If you like board games, you've probably run into one designed by Reiner Knizia. Knizia is probably the most prolific designer of games working today, one of the few who designs games full-time, and has a number of extremely successful titles to his credit. Among the hundreds of games he has designed are my favorite two-player card game, Lost Cities, which I reviewed in July); its board game analog Keltis (which won the Spiel des Jahres award as game of the year in 2008); the 2001 game adaptation of Lord of the Rings; and hardcore gamer favorite Tigris and Euphrates. That last is one of four Knizia games to win the Deutscher Spiele Preis, another game-of-the-year award generally given to a more complex game than the one honored by the Spiel des Jahres, and those four wins give Knizia almost one of every five Deutscher Spiele Preise given in the award's twenty-one year history. I spoke to Dr. Knizia in early December to ask about his process and philosophy of board game design.

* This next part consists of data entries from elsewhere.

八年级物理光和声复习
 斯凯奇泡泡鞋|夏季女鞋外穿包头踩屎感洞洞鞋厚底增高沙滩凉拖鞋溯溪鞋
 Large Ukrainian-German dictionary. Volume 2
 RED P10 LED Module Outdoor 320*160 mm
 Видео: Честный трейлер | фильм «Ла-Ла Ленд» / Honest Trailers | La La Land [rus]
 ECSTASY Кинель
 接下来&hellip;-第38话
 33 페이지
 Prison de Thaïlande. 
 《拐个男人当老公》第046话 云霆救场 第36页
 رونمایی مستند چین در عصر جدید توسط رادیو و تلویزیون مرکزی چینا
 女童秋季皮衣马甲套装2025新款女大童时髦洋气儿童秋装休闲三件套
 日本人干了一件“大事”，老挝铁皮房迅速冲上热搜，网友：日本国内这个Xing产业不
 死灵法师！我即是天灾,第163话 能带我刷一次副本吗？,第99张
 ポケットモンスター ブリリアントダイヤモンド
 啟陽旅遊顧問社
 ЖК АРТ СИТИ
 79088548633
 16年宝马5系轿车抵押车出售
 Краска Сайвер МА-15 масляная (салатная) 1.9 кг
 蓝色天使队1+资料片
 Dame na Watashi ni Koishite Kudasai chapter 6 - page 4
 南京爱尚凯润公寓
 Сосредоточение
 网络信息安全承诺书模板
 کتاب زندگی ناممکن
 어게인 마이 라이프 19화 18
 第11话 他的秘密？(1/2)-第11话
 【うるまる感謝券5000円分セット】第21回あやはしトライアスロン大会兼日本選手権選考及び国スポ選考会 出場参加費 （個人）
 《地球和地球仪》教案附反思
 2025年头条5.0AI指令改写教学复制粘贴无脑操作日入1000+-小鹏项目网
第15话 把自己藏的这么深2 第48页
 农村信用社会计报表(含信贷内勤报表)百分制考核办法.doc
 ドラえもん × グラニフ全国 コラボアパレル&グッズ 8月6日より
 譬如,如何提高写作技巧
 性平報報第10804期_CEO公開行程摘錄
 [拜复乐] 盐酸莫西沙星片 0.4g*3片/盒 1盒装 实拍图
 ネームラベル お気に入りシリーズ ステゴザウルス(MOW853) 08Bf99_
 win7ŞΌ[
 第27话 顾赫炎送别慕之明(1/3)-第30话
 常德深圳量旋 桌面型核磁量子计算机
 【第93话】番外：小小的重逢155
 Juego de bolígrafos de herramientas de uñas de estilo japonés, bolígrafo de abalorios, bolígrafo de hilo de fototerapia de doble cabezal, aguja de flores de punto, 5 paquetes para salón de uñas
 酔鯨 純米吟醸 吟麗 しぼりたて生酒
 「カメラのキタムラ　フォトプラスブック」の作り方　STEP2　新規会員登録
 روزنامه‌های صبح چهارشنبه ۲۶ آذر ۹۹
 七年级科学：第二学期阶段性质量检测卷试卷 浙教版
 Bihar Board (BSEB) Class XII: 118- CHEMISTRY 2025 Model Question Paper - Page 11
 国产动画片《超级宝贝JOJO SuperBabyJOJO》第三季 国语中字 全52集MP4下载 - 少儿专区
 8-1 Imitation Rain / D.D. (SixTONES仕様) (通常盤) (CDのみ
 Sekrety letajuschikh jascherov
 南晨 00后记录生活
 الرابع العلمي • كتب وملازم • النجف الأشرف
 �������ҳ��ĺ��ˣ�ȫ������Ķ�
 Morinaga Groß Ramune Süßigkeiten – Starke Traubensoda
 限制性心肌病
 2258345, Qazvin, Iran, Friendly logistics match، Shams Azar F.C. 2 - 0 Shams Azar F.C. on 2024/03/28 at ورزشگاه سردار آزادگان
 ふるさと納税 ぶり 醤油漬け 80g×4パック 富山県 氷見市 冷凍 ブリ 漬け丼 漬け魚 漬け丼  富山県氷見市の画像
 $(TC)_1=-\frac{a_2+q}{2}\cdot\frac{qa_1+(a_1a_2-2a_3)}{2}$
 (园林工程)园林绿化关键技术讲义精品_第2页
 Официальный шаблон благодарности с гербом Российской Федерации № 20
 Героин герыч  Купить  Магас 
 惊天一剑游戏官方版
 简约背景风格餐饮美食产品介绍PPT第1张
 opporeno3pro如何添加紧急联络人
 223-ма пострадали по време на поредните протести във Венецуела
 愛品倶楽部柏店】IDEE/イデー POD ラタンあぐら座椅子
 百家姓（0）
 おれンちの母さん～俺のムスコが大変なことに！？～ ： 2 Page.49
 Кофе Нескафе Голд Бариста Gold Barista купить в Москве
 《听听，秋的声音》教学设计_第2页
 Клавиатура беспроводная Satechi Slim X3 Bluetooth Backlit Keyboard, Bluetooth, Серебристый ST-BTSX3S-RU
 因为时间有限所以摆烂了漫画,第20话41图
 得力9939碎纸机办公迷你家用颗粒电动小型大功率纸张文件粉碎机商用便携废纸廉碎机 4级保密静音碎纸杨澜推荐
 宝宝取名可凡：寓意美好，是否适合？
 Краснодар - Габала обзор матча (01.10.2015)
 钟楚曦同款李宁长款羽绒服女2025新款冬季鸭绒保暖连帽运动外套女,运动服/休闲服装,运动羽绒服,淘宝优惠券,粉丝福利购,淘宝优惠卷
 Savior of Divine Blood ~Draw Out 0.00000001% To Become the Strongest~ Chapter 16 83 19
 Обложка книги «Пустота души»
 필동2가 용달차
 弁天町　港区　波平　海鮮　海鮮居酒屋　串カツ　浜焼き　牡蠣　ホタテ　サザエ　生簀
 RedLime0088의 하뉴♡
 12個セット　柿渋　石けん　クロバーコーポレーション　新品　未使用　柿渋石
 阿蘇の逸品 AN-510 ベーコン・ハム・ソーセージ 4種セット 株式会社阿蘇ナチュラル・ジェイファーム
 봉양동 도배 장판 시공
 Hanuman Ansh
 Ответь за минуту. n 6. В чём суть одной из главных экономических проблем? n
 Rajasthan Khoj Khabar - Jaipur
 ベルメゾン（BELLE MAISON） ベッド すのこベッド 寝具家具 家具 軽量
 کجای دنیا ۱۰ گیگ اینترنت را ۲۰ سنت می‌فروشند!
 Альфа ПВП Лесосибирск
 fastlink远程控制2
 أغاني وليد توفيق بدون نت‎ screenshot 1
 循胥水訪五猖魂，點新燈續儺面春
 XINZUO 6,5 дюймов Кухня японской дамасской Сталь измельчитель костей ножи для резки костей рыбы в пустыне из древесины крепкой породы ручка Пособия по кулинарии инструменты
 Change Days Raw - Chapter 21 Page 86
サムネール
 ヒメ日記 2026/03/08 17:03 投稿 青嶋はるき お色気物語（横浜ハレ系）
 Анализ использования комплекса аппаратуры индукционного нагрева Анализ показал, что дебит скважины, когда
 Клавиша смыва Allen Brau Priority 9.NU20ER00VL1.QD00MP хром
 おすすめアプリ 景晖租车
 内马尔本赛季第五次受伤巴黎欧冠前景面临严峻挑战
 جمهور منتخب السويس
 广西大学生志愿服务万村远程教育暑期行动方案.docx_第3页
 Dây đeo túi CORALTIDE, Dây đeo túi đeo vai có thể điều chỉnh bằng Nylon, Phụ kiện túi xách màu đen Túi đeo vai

Knizia has been designing games for a living since 1997, when he quit his job as operations director for a 300-person mortgage company in England, although he says he's been designing games since he was a child. My thought was that the hardest part in designing that many games – Wikipedia has Knizia's published total over 500 – would be conception, but Knizia says that's not the case. “I think it's not very difficult to have good ideas. We have plenty of ideas floating around; the real challenge is really to develop these ideas into excellent games – and that is a very long process. Of course you have to start out with the right idea, and you have to have a good selection process to decide which one can we bring into a perfect product.”
Knizia himself is a very process-oriented designer, moving quickly to prototype from initial concept and play-testing frequently with multiple groups of testers. “The lifeblood of design is testing, then refining,” according to Knizia. “The changes are quite radical early; then it becomes more fine tuning. That's the normal cycle of developing a design.” The testers offer pointed criticisms of game designs and mechanics, forcing new changes and sometimes even termination of a game concept that just doesn't work, something Knizia confesses to doing on a regular basis. “One challenge is falling in love with one's game. One needs to see the reality of it – this is nice, but there are some problems we can't overcome, so we need to kill the game.”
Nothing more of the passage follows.